Indeed, a settler using fire to prepare a small plot for rice cultivation in the Raphia swamps confessed to having sparked the Indio-Maíz fire. The penalty for igniting a forest fire under Nicaraguan law is two to four years in prison, yet residents of the town of San Juan de Nicaragua near the site of the fire confirmed to me in August that the settler who started the fire had been set free in the town under unclear circumstances.The destruction of Hurricane Otto that provided fuel for the fire was unavoidable, if possibly worsened by climate change, but what was a mestizo settler doing growing rice in the middle of a Raphia swamp in a protected area and an Indigenous and Afro-descendant territory in the first place? This seemed to catch government allies off guard—one argued in Telesur that it was impossible that a settler would have started the fire because the land there was not suitable for agriculture. The settler’s presence speaks to a much larger problem than the fire itself: rampant colonization of a protected Indigenous area, which Ortega’s government has ignored or even promoted.

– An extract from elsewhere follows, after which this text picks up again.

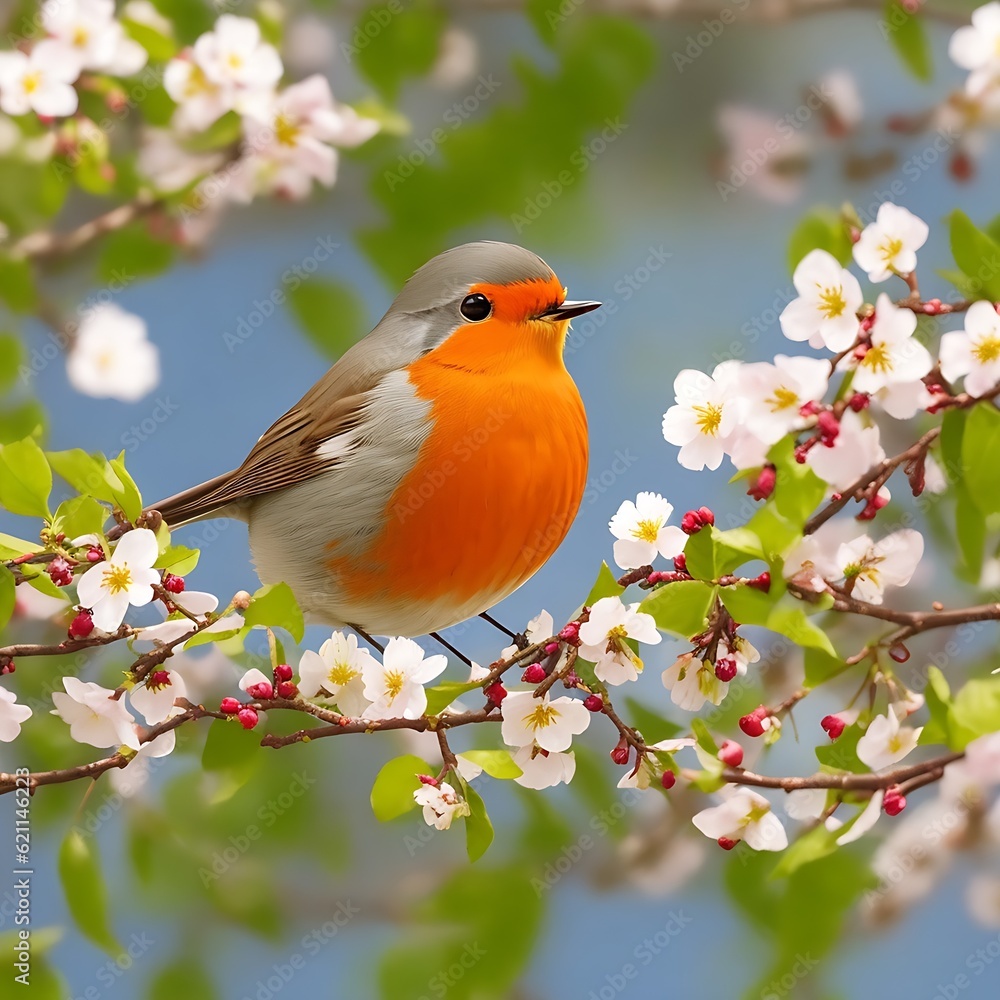 A Cute Robin perched atop a blooming hawthorn tree, surrounded by a flurry of petals A Cute Robin perched atop a blooming hawthorn tree, surrounded by a flurry of petals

Communal Lands and (Un)Protected Areas

White and mestizo settlers have colonized Indigenous and Afro-descendant lands on the Caribbean coast of Nicaragua since the 19th century—a history that is central to the dynamics that caused the Indio-Maíz fire and shaped the current uprising. Settler colonialism in the Caribbean coast, including Indio-Maíz, began with the military annexation of the region to Nicaragua in 1894. For several decades after this annexation, Nicaraguan administrations granted private land titles to family members and government officials to settle land where the Rama-Kriol people live along rivers. The Somoza dictatorship (1936-1979) continued and expanded this practice through a colonization project that created incentives for mestizo peasants to settle further and further east. That project particularly focused on settlement in Nueva Guinea, an area that would decades later become a critical hub for settlers who deforest both Indio-Maíz and the Rama-Kriol Territory. In the Somoza years, the growing cotton industry, largely owned by the Somozas and their allies, as well as natural disasters, displaced smallholding mestizo peasants in the Pacific and Central zones of the country. The Somoza regime and the Inter-American Development Bank, which funded the project, saw the Caribbean coast’s Indigenous and Afro-descendant lands as an open space for the peasants’ resettlement.

Colonization as well as the cotton industry contributed to massive deforestation in the region. While this deforestation slowed in the 1980s as residents fled the violence of the Contra war, in the 1990s the neoliberal government of President Violeta Barrios de Chamorro (1990-1997) began to resettle war refugees and ex-combatants on the Caribbean coast. While the Chamorro government ostensibly protected Indio-Maíz under its National Protected Areas System, it simultaneously facilitated the settling of colonists in the areas immediately surrounding it.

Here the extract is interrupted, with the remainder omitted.